TTS: Pocket (Voice Cloning)

Generate speech with the Pocket TTS model using voice cloning. Pocket uses a reference audio clip to clone the speaker’s voice for the generated speech.

Source file

nodejs-addon-examples/test_tts_non_streaming_pocket_en.js

Code

// Copyright (c)  2026  Xiaomi Corporation
//
// Text-to-speech with the Pocket TTS model (voice cloning).
// Uses a reference audio to clone the speaker's voice.
//
// Usage:
//   node tts_pocket_sync.js
//
const sherpa_onnx = require('sherpa-onnx-node');

function createOfflineTts() {
  const config = {
    model: {
      pocket: {
        lmFlow: './sherpa-onnx-pocket-tts-int8-2026-01-26/lm_flow.int8.onnx',
        lmMain: './sherpa-onnx-pocket-tts-int8-2026-01-26/lm_main.int8.onnx',
        encoder: './sherpa-onnx-pocket-tts-int8-2026-01-26/encoder.onnx',
        decoder: './sherpa-onnx-pocket-tts-int8-2026-01-26/decoder.int8.onnx',
        textConditioner:
            './sherpa-onnx-pocket-tts-int8-2026-01-26/text_conditioner.onnx',
        vocabJson: './sherpa-onnx-pocket-tts-int8-2026-01-26/vocab.json',
        tokenScoresJson:
            './sherpa-onnx-pocket-tts-int8-2026-01-26/token_scores.json',
        voiceEmbeddingCacheCapacity: 50,
      },
      debug: true,
      numThreads: 2,
      provider: 'cpu',
    },
    maxNumSentences: 1,
  };
  return new sherpa_onnx.OfflineTts(config);
}

const tts = createOfflineTts();

const text =
    'Today as always, men fall into two groups: slaves and free men.
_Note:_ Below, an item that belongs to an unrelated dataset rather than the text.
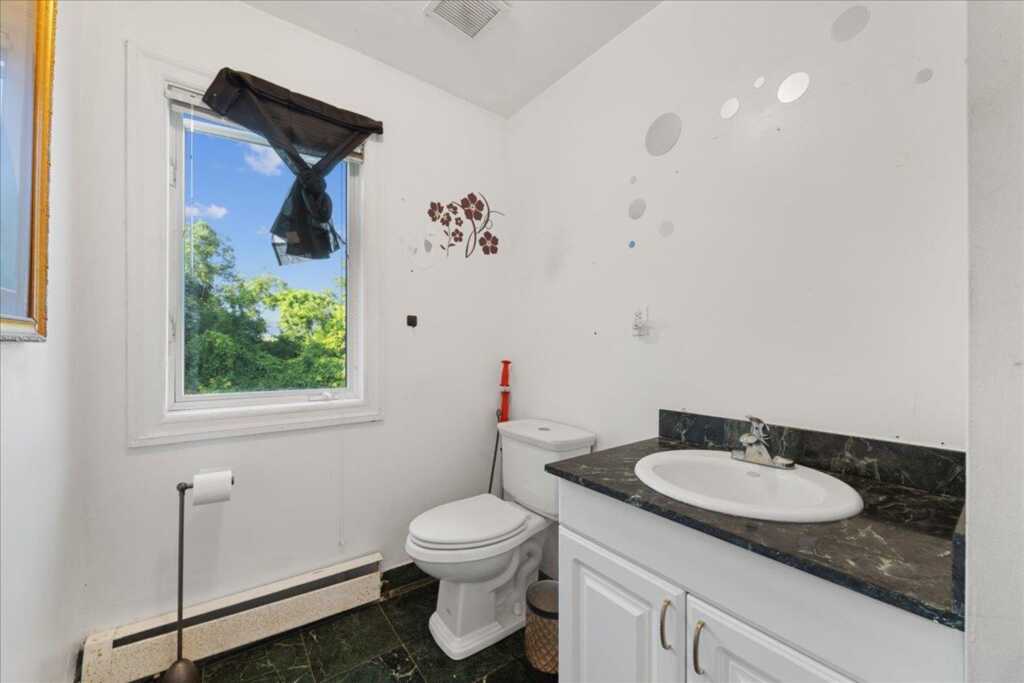 587 Route 306, Suffern, NY 10901 - Photo 27 of 49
Whoever does not have two-thirds of his day for himself, is a slave, whatever he may be: a statesman, a businessman, an official, or a scholar.';

// Pocket TTS uses reference audio for voice cloning.
const referenceAudioFilename =
    './sherpa-onnx-pocket-tts-int8-2026-01-26/test_wavs/bria.wav';
const referenceWave = sherpa_onnx.readWave(referenceAudioFilename);

const generationConfig = new sherpa_onnx.GenerationConfig({
  speed: 1.0,
  referenceAudio: referenceWave.samples,
  referenceSampleRate: referenceWave.sampleRate,
  numSteps: 5,
  extra: {max_reference_audio_len: 12, seed: 42}
});

let start = Date.now();
const audio = tts.generate({text, generationConfig});
let stop = Date.now();
const elapsed_seconds = (stop - start) / 1000;
const duration = audio.samples.length / audio.sampleRate;
const real_time_factor = elapsed_seconds / duration;
console.log('Wave duration', duration.toFixed(3), 'seconds');
console.log('Elapsed', elapsed_seconds.toFixed(3), 'seconds');
console.log(
    `RTF = ${elapsed_seconds.toFixed(3)}/${duration.toFixed(3)} =`,
    real_time_factor.toFixed(3));

const filename = 'test-pocket-bria.wav';
sherpa_onnx.writeWave(
    filename, {samples: audio.samples, sampleRate: audio.sampleRate});

console.log(`Saved to ${filename}`);

How to run

Install the package:
```
npm install sherpa-onnx-node
```

Download the model:

curl -SL -O https://github.com/k2-fsa/sherpa-onnx/releases/download/tts-models/sherpa-onnx-pocket-tts-int8-2026-01-26.tar.bz2
tar xf sherpa-onnx-pocket-tts-int8-2026-01-26.tar.bz2
rm sherpa-onnx-pocket-tts-int8-2026-01-26.tar.bz2

Set the library path and run:

# macOS
export DYLD_LIBRARY_PATH=$(npm root)/sherpa-onnx-node/lib:$DYLD_LIBRARY_PATH

# Linux
export LD_LIBRARY_PATH=$(npm root)/sherpa-onnx-node/lib:$LD_LIBRARY_PATH

node tts_pocket_sync.js

Notes

Pocket TTS uses voice cloning via referenceAudio in the GenerationConfig. Provide a WAV file of the target speaker.
The config key is pocket with fields: lmFlow, lmMain, encoder, decoder, textConditioner, vocabJson, tokenScoresJson, voiceEmbeddingCacheCapacity.
GenerationConfig fields for Pocket: - referenceAudio: Float32Array of the reference audio samples. - referenceSampleRate: Sample rate of the reference audio. - numSteps: Number of diffusion steps (e.g., 5). - extra.max_reference_audio_len: Max reference audio length in seconds. - extra.seed: Random seed for reproducibility.
Pocket also supports async generation with createAsync() and generateAsync(). See the async example and play async example.